• _Work required_: The reply must contain exactly the lines below from the one with "Transparent For Hand" down to the one with "Can you spot the cliff dwellings?", both included, and nothing more; please omit the pictures.

• _Information supplied_:
--------------------------------------------------

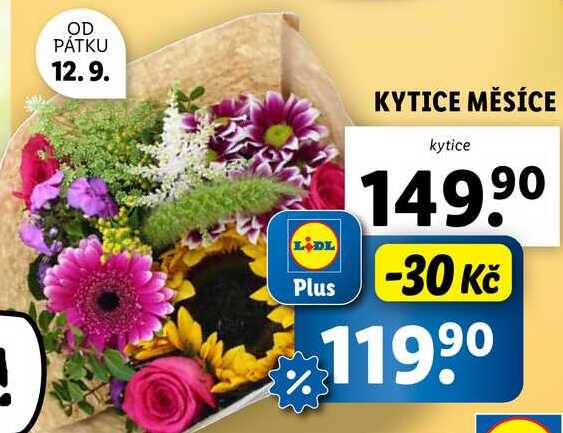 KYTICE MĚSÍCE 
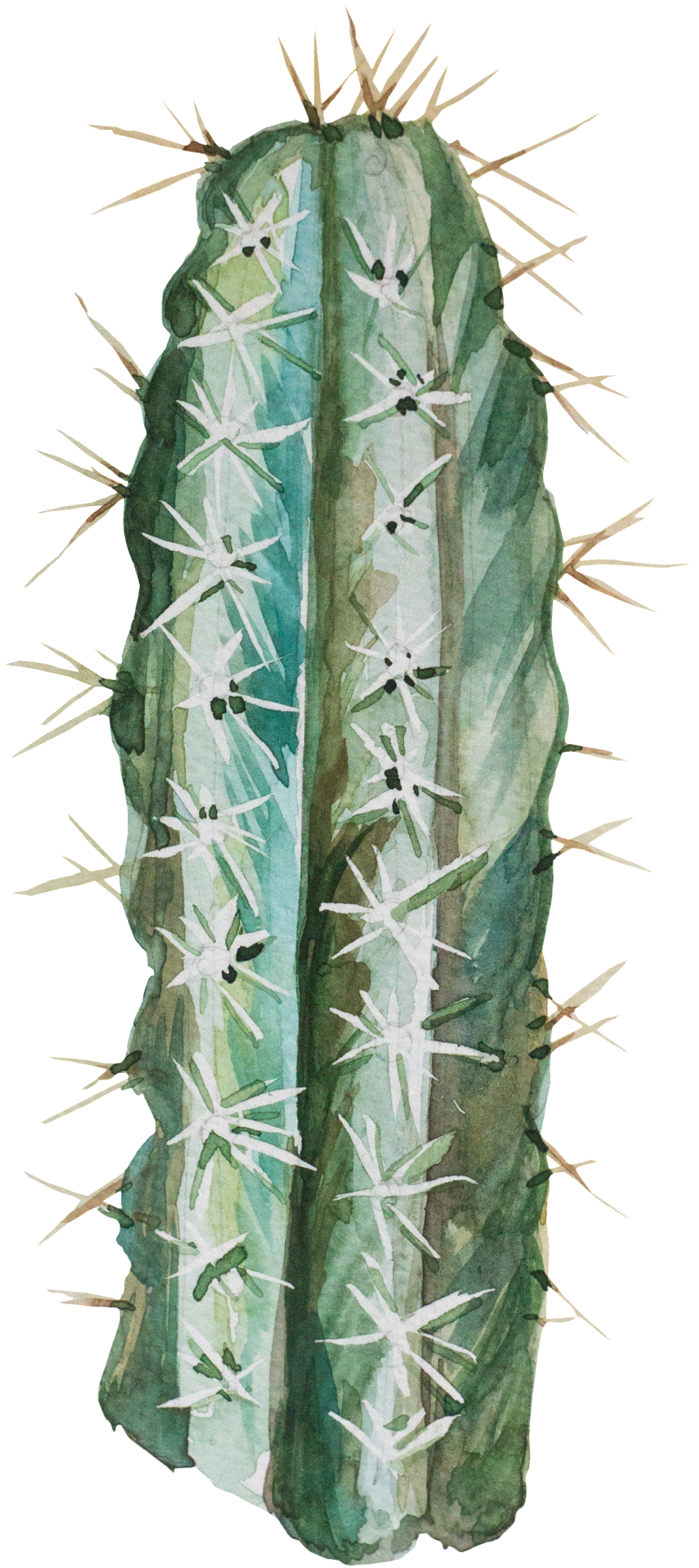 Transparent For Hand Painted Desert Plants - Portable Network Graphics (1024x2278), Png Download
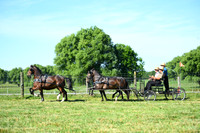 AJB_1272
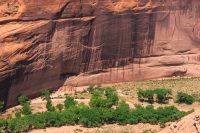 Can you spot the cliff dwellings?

--------------------------------------------------

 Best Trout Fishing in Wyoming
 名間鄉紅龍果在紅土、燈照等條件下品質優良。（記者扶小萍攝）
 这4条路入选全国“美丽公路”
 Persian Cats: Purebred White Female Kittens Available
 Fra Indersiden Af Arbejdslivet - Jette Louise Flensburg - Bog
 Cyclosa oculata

--------------------------------------------------

• _Your solution_:
 Transparent For Hand Painted Desert Plants - Portable Network Graphics (1024x2278), Png Download
 AJB_1272
 Can you spot the cliff dwellings?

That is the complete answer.